Creating a best model

Again, creating a best model based off of features that we learned from elastic net.


In [353]:
lcols=['r_stud_re_W','r_stud_912','r_stud_reg_12_W_M','tlocrev_percent','r_stud_re_Total','r_lunch_free','r_stud_re_B','tfedrev_percent','tfedrev_pp','r_frev_ao','r_stud_re_F','r_stud_reg_12_W_F','r_srev_gt','num_pub_schools']

In [354]:
Xmatrix=dftouse0607[lcols].values
Yresp=dftouse0607['afgr'].values

In [355]:
Xtrain=Xmatrix[mask]
Xtest=Xmatrix[~mask]
ytrain=Yresp[mask]
ytest=Yresp[~mask]

In [356]:
lm = linear_model.LinearRegression()
lm.fit(Xtrain, ytrain)


Out[356]:
LinearRegression(copy_X=True, fit_intercept=True, n_jobs=1, normalize=False)

In [357]:
print lm.intercept_
print lm.coef_


81.510436857
[ 1.11285622  1.70684375  1.15819179  1.70798608  1.15038508 -3.219141
 -2.52898564 -0.61038643 -0.38387926 -0.84810477  0.88431232 -0.34292184
 -0.84591516 -0.73519575]

In [358]:
pd.DataFrame(zip(dftouse0607[lcols].columns, lm.coef_), columns = ['features', 'estimatedCoefficients'])


Out[358]:
features estimatedCoefficients
0 r_stud_re_W 1.112856
1 r_stud_912 1.706844
2 r_stud_reg_12_W_M 1.158192
3 tlocrev_percent 1.707986
4 r_stud_re_Total 1.150385
5 r_lunch_free -3.219141
6 r_stud_re_B -2.528986
7 tfedrev_percent -0.610386
8 tfedrev_pp -0.383879
9 r_frev_ao -0.848105
10 r_stud_re_F 0.884312
11 r_stud_reg_12_W_F -0.342922
12 r_srev_gt -0.845915
13 num_pub_schools -0.735196

In [359]:
cross_validation.cross_val_score(lm, Xtrain, ytrain, scoring='r2')


Out[359]:
array([ 0.37248643,  0.31631476,  0.32508989])

In [360]:
yp = lm.predict(Xtest)
mean_squared_error(yp, ytest)


Out[360]:
127.02979473602149

In [361]:
plt.scatter(ytest, yp, alpha=.3)
plt.xlabel("Grad Rate: Actual")
plt.ylabel("Grad Rate: Predicted")
plt.title("Linear Regression: 2006-2007 Filtered School District Data")
plt.xlim(0,105)
plt.ylim(0,105)
plt.show()


Predicting 2009-2010 graduation rate from 2006-2007 data.

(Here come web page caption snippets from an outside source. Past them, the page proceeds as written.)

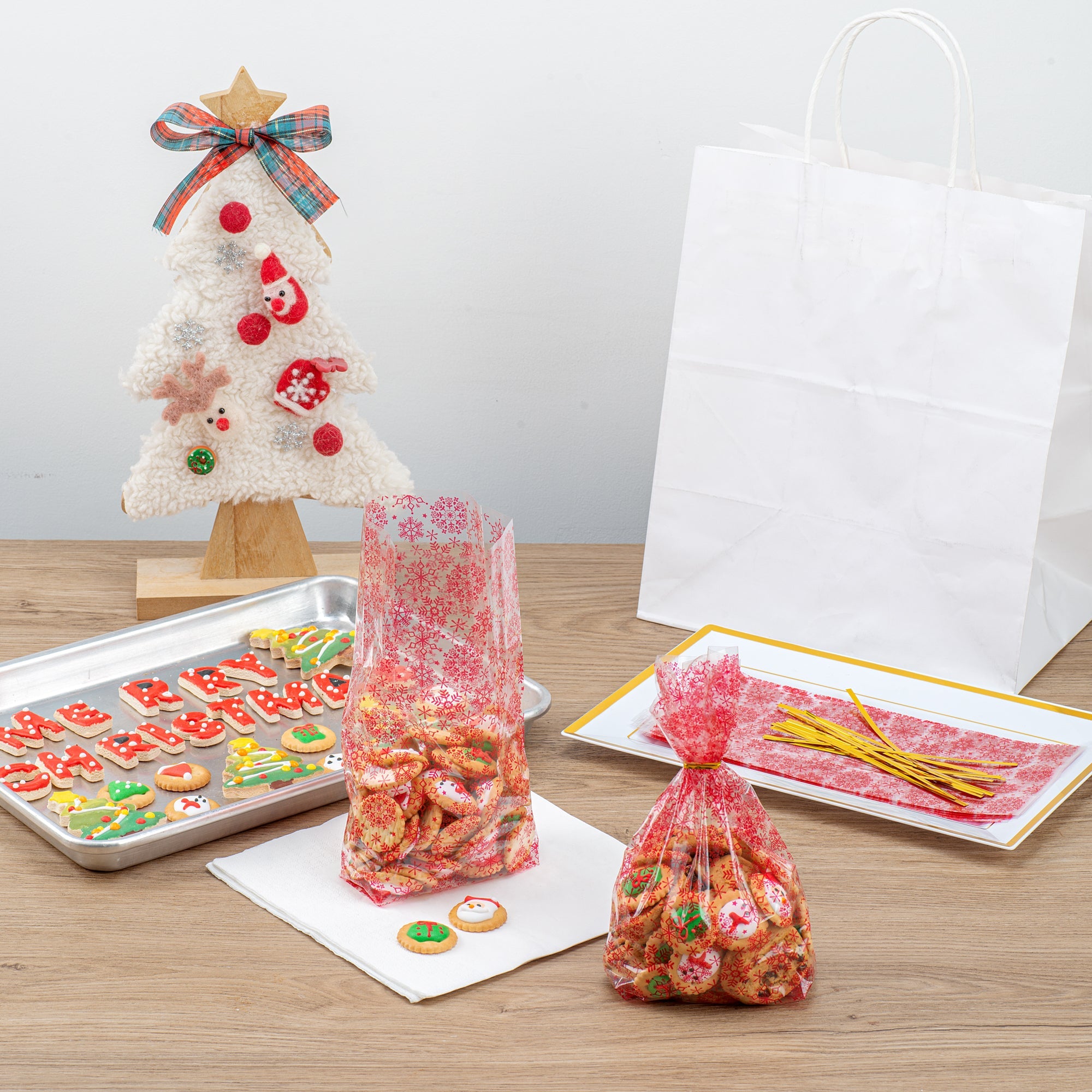 Bag Tek Plastic Candy Bag - Snowflakes - 4" x 2" x 9 1/2" - 4000 count box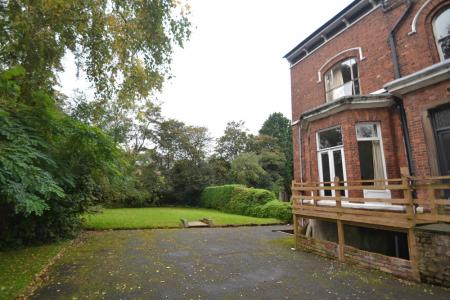 7 bedroom Semi-detached house to let in Brunswick Road, Withington, Manchester, M20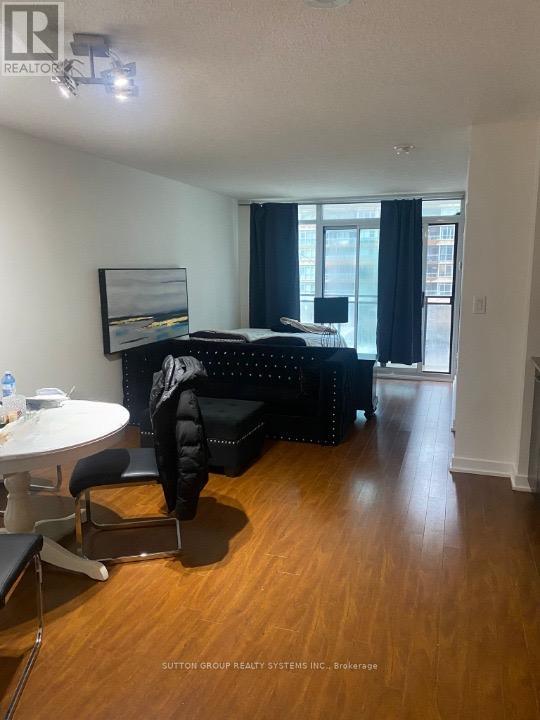 526 - 8 Telegram Mews, Toronto, Ontario  M5V 3Z5 - Photo 7 - C12821960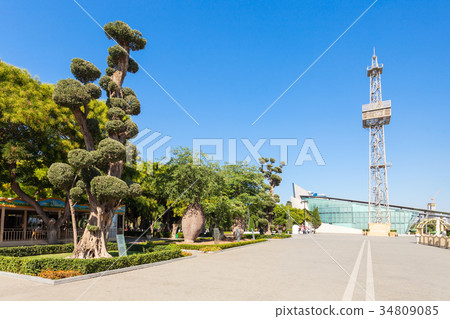 Baku boulevard, Caspian sea 34809085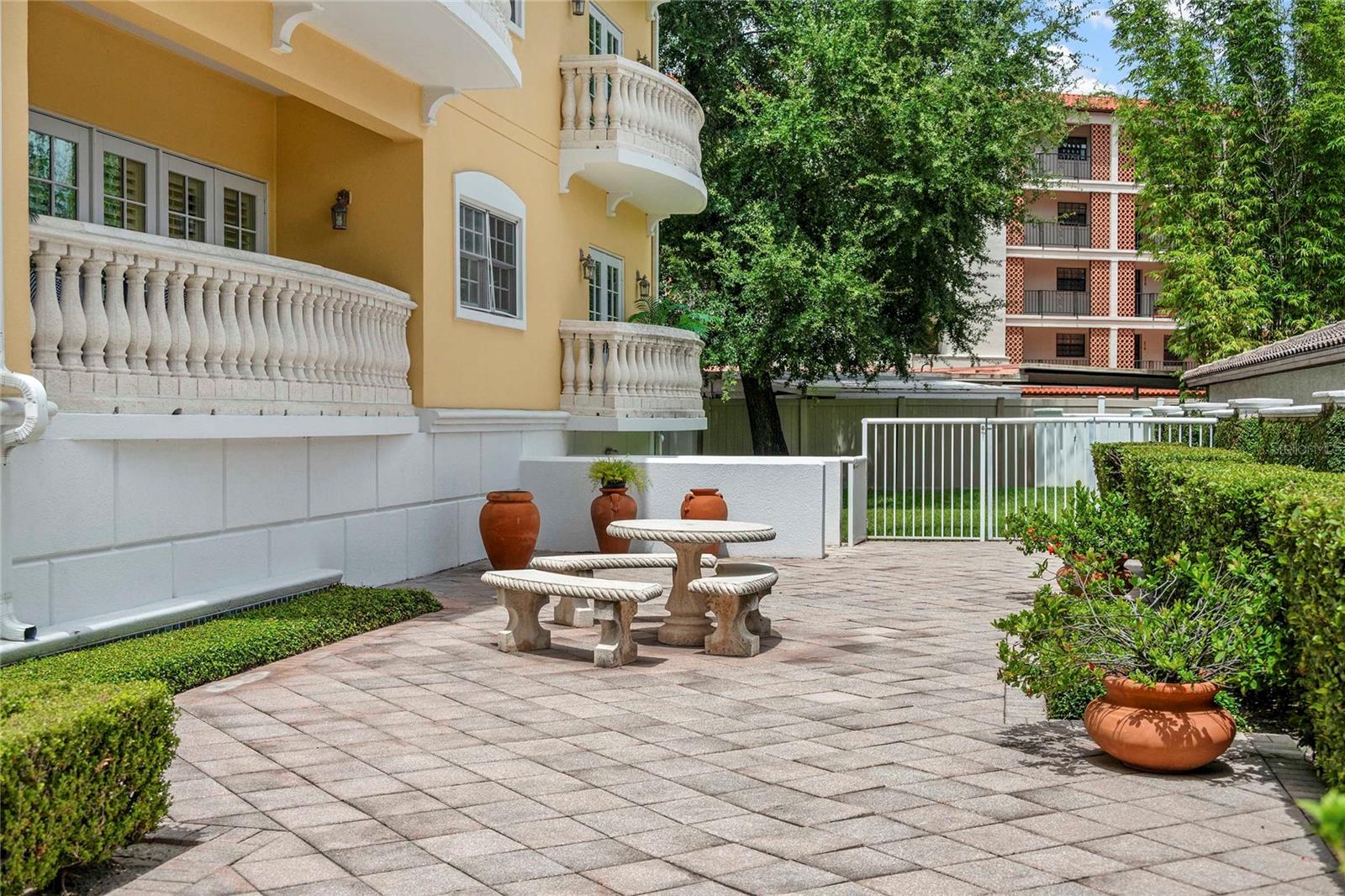 200 S INTERLACHEN AVENUE, #350, Winter Park, FL 32789 200 S INTERLACHEN AVENUE, #350, Winter Park, FL 32789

We have our model of 2006-2007 graduation, and we try plugging in 2009-2010 data. This is the scenario of having school district data available, but no graduation rates.


In [362]:
ActualX=dftouse[lcols].values
Actualy=dftouse['afgr'].values

In [363]:
yp = lm.predict(ActualX)
mean_squared_error(yp, Actualy)


Out[363]:
133.91167388132399

In [364]:
plt.scatter(Actualy, yp, alpha=.3)
plt.xlabel("Grad Rate: Actual")
plt.ylabel("Grad Rate: Predicted")
plt.title("Linear Regression: Predicting 2009-2010 Graduation from School District Data")
plt.xlim(0,105)
plt.ylim(0,105)
plt.show()


The mean squared error is comparable to our earlier models. Absent any available graduation rate data for 5 years, one could fill in the missing data using a predictive model until such graduation rate data becomes publically available.